Get the tsv file from Common Voice dataset. If you have already download it using Huggingface datasets, you can find these files for example using folllowing command:
% find ~/.cache/huggingface -name "*.tsv"
/home/cahya/.cache/huggingface/datasets/downloads/extracted/fd8a16a97efd77adba3c26c54d0cfae6c9d9494c1017f8070f3f79db72c4b57c/cv-corpus-6.1-2020-12-11/id/invalidated.tsv
/home/cahya/.cache/huggingface/datasets/downloads/extracted/fd8a16a97efd77adba3c26c54d0cfae6c9d9494c1017f8070f3f79db72c4b57c/cv-corpus-6.1-2020-12-11/id/other.tsv
/home/cahya/.cache/huggingface/datasets/downloads/extracted/fd8a16a97efd77adba3c26c54d0cfae6c9d9494c1017f8070f3f79db72c4b57c/cv-corpus-6.1-2020-12-11/id/reported.tsv
/home/cahya/.cache/huggingface/datasets/downloads/extracted/fd8a16a97efd77adba3c26c54d0cfae6c9d9494c1017f8070f3f79db72c4b57c/cv-corpus-6.1-2020-12-11/id/test.tsv
/home/cahya/.cache/huggingface/datasets/downloads/extracted/fd8a16a97efd77adba3c26c54d0cfae6c9d9494c1017f8070f3f79db72c4b57c/cv-corpus-6.1-2020-12-11/id/train.tsv
/home/cahya/.cache/huggingface/datasets/downloads/extracted/fd8a16a97efd77adba3c26c54d0cfae6c9d9494c1017f8070f3f79db72c4b57c/cv-corpus-6.1-2020-12-11/id/validated.tsv
Now you can use this tsv file to generate sound files. Following is an example to generate sound files for Indonesian Common Voice with two voice types id-ID-Standard-A id-ID-Wavenet-B and store it in output directory:
% python commonvoice.py -c validated.tsv -v id-ID-Standard-A id-ID-Wavenet-B -o "./output"
You can also create your own tsv files. I included here the file voice-id.tsv as an example
% cat voice-id.tsv
path sentence
test01.mp3 Kleopatra adalah penguasa aktif terakhir Kerajaan Wangsa Ptolemaios di tanah Mesir.

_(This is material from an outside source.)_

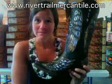Again, they're by Corral. If you're interested, you can get the Black Silver Wing and Cross Cowgirl Boots today at RivertrailMercantile.com.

test02.mp3 Serealia adalah biji-bijian yang dihasilkan dari tanaman famili Poaceae.
%
% python commonvoice.py -c voice-id.tsv -v id-ID-Standard-A id-ID-Wavenet-B -o "./test"
This command will create following file structure:
test
├── id-ID-Standard-A
│ ├── test01.mp3
│ └── test02.mp3
└── id-ID-Wavenet-B
├── test01.mp3
└── test02.mp3
Please keep in mind that the generated sound files have a 24000Hz sampling rate, where Common Voice sound files have 48000Hz sampling rate. You might have to change the code for resampling the sound file to a 16000Hz sampling rate.
In case you want to generate a bunch of sound files from the Common Voice, Google TTS has a limitation of 300 requests per minute. I didn't reach this limit when I generated sound files with Wavenet voice types, but it is not the case with the standard voice types. Its generation is swift, so I reached the limit. To avoid it, the script provides functionality to sleep 100ms after every request. This can be done using the argument -s for enabling the sleep time and -t for the sleep time (default value is 100ms).